===== Record extracts

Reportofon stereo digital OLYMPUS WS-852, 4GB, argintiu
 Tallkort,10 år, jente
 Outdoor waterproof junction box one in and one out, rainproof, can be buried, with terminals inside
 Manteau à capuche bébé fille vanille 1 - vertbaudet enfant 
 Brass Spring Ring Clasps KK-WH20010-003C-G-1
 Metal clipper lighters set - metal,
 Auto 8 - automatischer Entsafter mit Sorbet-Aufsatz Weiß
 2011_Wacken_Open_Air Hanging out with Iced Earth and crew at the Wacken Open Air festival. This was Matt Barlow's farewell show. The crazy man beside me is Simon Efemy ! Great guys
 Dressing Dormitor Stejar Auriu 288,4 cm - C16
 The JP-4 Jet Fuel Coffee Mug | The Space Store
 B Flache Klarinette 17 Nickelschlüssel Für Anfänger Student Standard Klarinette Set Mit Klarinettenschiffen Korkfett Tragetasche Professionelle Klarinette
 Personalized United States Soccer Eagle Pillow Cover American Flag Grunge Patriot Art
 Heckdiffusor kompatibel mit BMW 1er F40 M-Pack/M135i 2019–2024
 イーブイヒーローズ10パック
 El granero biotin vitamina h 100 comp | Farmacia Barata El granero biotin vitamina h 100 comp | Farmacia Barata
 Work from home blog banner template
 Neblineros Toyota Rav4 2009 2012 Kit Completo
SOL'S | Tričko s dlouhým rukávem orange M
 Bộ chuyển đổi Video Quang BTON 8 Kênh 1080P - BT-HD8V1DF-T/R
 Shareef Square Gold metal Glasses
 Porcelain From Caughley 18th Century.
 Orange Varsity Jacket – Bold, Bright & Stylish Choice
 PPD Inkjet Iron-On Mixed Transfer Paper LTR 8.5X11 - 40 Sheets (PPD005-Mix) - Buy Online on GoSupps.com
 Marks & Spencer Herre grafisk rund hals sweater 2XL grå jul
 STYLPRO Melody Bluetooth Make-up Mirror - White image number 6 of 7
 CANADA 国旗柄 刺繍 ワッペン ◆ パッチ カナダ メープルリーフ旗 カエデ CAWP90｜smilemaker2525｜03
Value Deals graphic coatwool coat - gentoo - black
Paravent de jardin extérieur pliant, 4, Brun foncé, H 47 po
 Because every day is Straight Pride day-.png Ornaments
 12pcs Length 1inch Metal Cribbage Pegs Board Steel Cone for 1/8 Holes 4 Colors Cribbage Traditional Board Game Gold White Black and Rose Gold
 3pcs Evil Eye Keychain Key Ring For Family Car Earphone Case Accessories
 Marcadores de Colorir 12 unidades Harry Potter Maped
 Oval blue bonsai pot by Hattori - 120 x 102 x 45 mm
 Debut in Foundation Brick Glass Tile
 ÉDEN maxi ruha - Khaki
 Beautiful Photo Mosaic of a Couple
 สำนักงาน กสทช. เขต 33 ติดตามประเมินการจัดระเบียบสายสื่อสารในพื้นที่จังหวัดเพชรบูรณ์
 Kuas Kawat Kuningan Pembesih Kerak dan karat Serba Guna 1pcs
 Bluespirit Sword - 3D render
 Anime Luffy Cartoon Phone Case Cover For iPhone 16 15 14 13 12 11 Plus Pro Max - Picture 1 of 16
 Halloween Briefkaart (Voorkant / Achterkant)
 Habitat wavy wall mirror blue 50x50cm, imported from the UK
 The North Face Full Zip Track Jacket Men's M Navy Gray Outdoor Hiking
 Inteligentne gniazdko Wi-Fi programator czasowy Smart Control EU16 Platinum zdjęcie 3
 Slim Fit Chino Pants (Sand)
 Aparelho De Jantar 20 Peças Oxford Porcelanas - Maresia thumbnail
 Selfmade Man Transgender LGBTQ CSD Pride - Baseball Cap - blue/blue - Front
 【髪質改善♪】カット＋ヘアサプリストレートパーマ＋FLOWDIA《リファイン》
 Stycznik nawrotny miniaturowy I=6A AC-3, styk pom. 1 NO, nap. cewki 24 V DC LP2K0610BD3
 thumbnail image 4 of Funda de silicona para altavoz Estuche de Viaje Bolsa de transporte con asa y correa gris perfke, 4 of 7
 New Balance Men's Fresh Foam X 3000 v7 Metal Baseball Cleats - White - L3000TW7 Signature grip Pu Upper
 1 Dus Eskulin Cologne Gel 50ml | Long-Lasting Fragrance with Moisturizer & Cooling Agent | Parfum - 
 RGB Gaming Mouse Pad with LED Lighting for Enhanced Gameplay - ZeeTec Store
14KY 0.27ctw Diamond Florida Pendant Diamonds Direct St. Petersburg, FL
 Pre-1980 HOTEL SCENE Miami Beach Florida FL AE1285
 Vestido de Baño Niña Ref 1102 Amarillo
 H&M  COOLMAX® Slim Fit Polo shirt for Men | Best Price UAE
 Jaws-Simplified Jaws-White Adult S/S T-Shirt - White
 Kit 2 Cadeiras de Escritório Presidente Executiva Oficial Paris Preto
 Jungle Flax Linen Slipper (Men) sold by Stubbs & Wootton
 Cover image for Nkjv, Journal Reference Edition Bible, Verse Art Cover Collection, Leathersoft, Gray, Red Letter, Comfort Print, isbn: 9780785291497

==========

Please tally the lines of the listing that include the string "image". The number is the whole answer.

Expected answer:
3